● **TASK OBJECTIVE**
Below is a listing with pictures. Repeat exactly the lines starting at the one holding "Hyundai Santafe 2025 — photo 32" and going on through the one holding "Max Comfort Range", and leave every picture out.
━━━━━ RECORDS TO USE
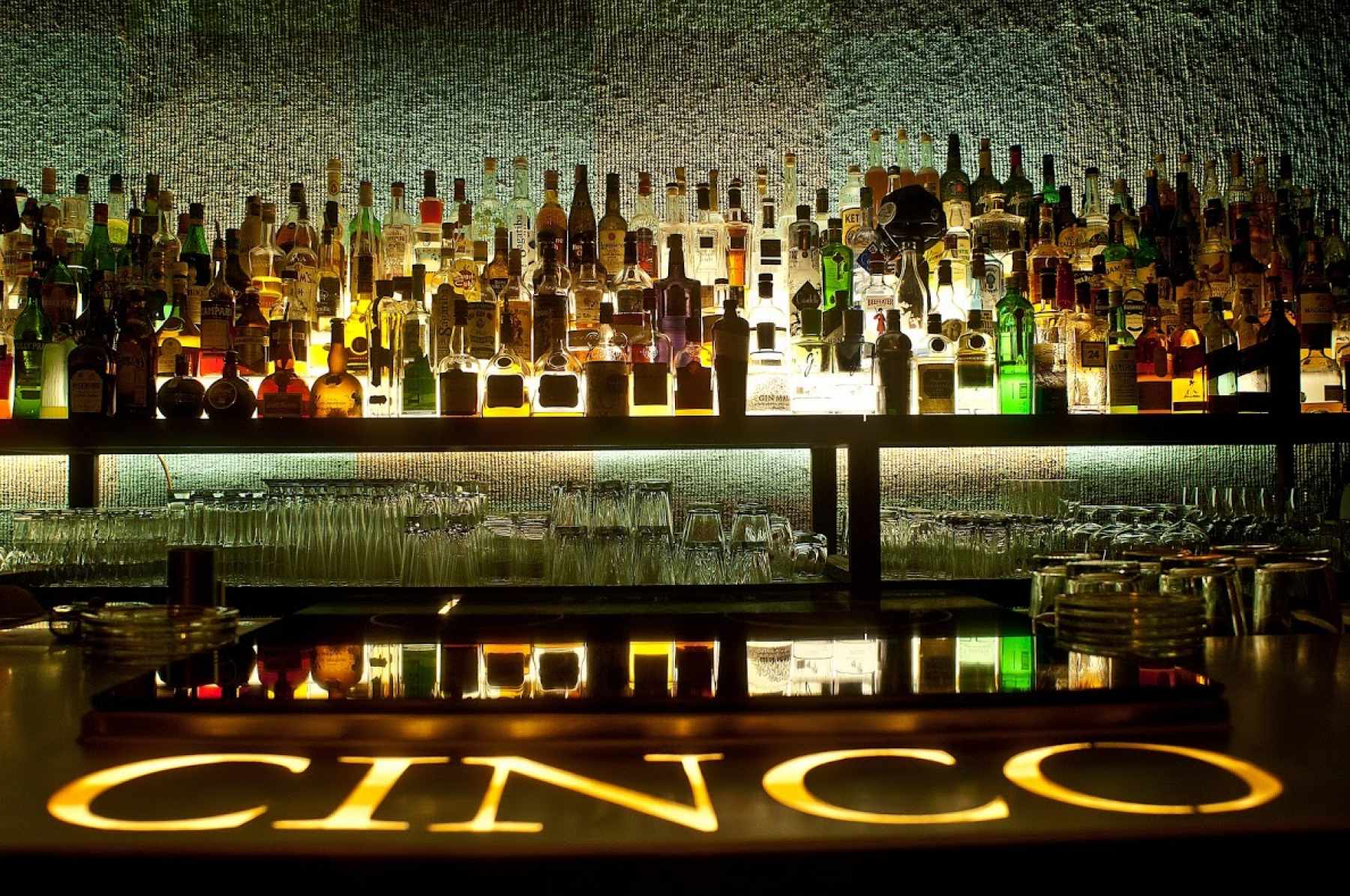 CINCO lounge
━━━━━━━━━━
━━━━━ RECORDS TO USE
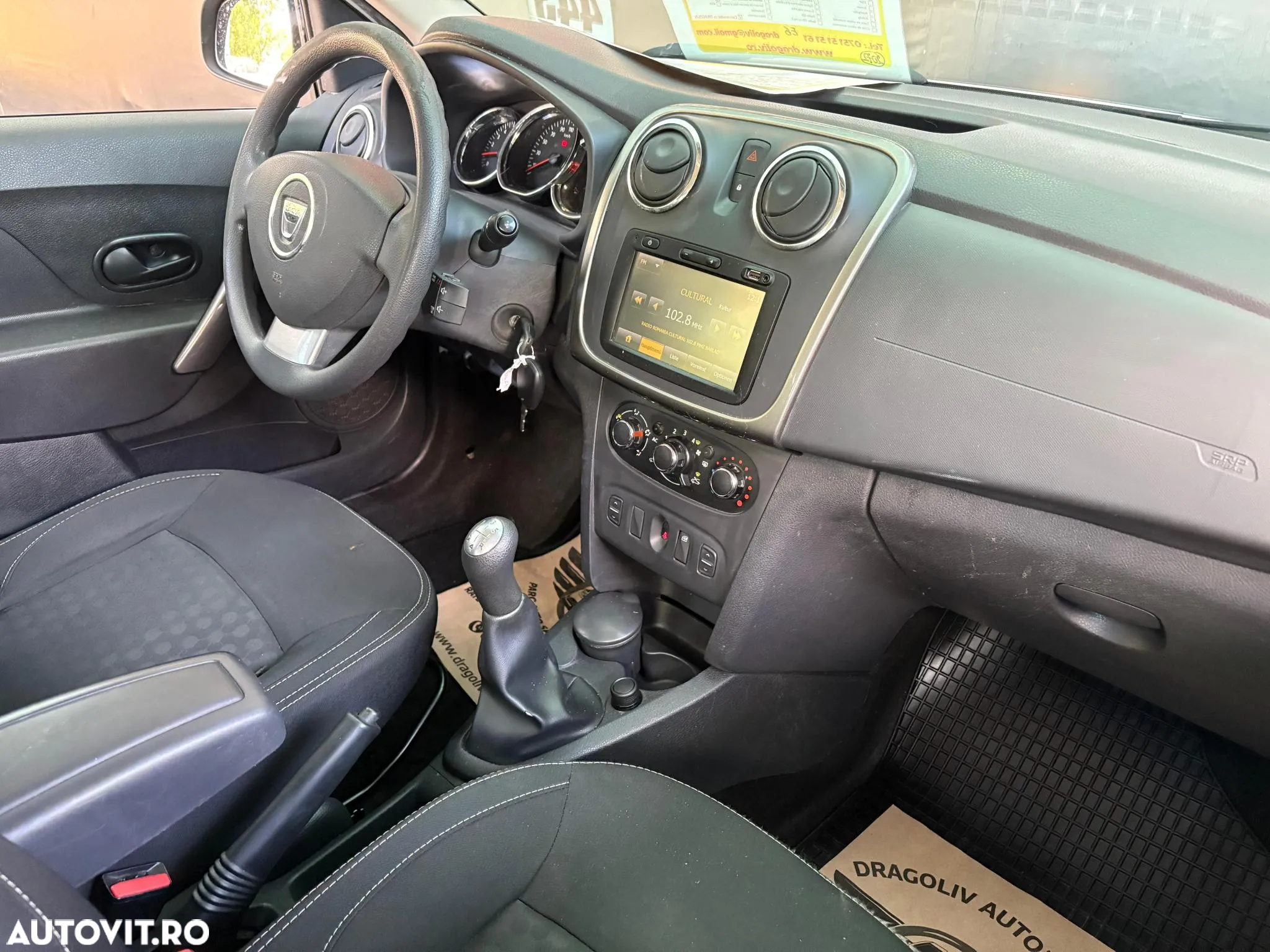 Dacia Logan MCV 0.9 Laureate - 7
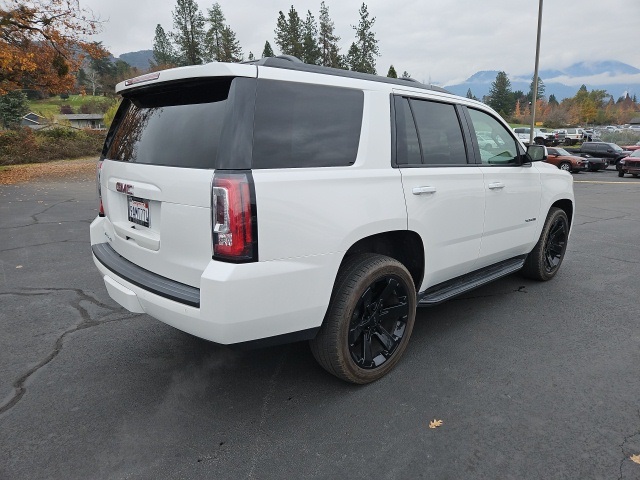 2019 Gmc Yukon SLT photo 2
━━━━━━━━━━
━━━━━ RECORDS TO USE
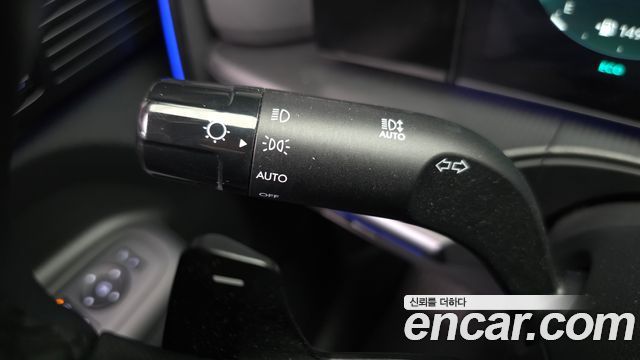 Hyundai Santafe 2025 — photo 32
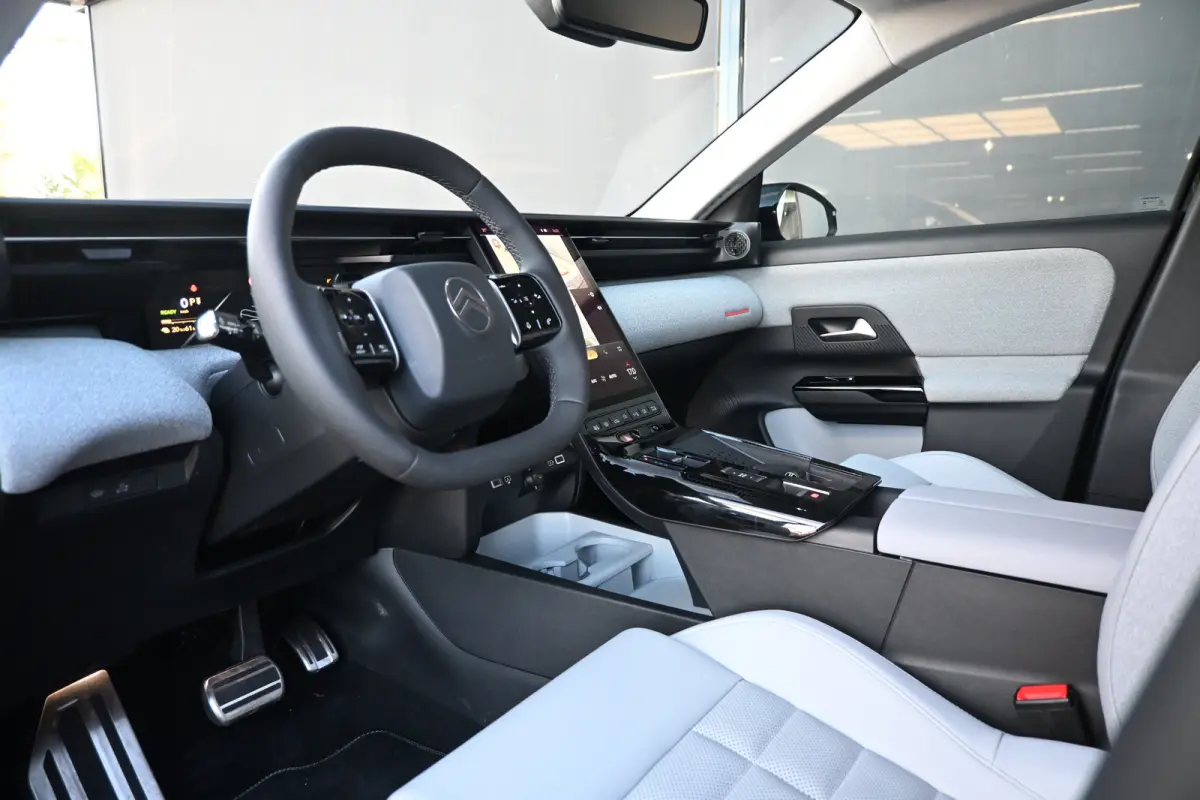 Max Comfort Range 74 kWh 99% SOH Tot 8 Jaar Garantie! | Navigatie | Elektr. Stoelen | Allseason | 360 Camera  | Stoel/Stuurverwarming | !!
━━━━━━━━━━
● **EXERCISE SOLUTION**
 Hyundai Santafe 2025 — photo 32
 Max Comfort Range 74 kWh 99% SOH Tot 8 Jaar Garantie! | Navigatie | Elektr. Stoelen | Allseason | 360 Camera  | Stoel/Stuurverwarming | !!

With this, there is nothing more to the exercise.